▸ Exercise objective: Copy exactly the lines from the one containing "Used 2019 Subaru" through the last line of the records, both included, and nothing more.

[Caption-style text data]
——
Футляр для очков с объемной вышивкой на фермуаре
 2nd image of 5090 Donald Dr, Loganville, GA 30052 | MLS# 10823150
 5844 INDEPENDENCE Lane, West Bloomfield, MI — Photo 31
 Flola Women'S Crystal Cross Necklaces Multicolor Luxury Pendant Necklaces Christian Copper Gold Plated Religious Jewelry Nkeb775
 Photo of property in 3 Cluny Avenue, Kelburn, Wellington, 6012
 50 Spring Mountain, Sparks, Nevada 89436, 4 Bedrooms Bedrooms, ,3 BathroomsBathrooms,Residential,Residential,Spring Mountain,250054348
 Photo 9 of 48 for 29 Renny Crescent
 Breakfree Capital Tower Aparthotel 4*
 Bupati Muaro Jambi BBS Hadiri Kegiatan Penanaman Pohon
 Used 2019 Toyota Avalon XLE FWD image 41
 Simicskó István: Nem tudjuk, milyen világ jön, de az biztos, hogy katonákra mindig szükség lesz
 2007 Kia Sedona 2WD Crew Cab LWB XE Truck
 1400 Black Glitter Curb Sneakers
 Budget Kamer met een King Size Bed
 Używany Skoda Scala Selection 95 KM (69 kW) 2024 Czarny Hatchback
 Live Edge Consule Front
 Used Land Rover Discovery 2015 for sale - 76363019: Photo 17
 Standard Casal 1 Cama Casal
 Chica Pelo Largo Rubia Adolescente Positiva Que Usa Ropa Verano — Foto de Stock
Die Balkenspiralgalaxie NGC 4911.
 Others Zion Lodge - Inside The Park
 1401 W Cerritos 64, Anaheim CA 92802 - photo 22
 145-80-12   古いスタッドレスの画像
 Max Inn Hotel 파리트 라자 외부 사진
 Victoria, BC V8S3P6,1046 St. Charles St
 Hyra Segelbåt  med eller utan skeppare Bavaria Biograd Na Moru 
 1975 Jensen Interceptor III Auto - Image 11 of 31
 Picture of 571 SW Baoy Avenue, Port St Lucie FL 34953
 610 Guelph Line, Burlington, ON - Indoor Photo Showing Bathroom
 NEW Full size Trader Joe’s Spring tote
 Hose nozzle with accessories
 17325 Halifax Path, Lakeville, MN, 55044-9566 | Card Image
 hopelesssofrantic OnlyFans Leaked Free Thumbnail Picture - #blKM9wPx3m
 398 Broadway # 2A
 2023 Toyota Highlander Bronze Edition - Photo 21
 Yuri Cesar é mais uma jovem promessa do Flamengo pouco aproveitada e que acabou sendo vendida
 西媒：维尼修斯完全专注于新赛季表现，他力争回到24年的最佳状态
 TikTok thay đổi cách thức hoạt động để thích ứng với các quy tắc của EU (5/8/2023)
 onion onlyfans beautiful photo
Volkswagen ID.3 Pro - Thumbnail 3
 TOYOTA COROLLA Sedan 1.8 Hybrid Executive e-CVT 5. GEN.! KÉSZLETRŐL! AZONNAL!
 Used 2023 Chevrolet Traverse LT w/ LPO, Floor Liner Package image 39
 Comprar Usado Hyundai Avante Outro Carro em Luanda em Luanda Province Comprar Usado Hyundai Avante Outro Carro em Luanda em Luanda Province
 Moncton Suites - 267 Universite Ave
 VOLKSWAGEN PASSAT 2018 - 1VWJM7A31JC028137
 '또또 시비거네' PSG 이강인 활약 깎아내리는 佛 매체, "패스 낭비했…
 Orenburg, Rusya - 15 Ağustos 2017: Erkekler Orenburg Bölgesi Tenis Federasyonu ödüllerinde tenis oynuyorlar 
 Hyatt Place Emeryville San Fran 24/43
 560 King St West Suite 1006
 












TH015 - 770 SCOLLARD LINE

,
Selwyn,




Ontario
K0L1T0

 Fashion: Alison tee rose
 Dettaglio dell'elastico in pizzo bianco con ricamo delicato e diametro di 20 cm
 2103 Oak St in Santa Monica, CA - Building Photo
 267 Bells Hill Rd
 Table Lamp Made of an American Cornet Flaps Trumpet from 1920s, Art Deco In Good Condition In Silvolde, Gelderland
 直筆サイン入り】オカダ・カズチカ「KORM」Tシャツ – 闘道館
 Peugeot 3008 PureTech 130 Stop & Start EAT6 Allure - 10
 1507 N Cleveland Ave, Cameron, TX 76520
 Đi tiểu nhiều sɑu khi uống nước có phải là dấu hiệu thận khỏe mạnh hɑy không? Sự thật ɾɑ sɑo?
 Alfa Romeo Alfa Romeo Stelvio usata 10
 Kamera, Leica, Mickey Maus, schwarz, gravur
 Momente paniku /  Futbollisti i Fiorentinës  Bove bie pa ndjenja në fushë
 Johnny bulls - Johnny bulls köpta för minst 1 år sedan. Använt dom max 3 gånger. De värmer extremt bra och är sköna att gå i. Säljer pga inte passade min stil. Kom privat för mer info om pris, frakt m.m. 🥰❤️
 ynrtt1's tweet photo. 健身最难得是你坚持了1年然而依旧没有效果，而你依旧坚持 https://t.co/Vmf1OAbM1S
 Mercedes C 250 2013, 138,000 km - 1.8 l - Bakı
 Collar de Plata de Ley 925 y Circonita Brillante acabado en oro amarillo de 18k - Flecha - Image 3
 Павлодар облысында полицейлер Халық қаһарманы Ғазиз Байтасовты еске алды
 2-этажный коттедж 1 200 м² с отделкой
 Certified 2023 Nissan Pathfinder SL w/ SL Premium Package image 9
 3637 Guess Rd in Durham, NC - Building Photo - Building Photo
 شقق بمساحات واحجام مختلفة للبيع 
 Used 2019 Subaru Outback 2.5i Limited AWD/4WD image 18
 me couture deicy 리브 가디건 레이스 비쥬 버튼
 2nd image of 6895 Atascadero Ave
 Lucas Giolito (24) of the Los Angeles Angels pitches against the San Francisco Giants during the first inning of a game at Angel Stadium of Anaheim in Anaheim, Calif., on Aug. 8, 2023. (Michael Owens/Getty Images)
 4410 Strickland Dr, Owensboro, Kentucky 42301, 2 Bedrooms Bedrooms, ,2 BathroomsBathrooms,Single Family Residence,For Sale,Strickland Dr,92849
——
▸ Exercise solution:
 Used 2019 Subaru Outback 2.5i Limited AWD/4WD image 18
 me couture deicy 리브 가디건 레이스 비쥬 버튼
 2nd image of 6895 Atascadero Ave
 Lucas Giolito (24) of the Los Angeles Angels pitches against the San Francisco Giants during the first inning of a game at Angel Stadium of Anaheim in Anaheim, Calif., on Aug. 8, 2023. (Michael Owens/Getty Images)
 4410 Strickland Dr, Owensboro, Kentucky 42301, 2 Bedrooms Bedrooms, ,2 BathroomsBathrooms,Single Family Residence,For Sale,Strickland Dr,92849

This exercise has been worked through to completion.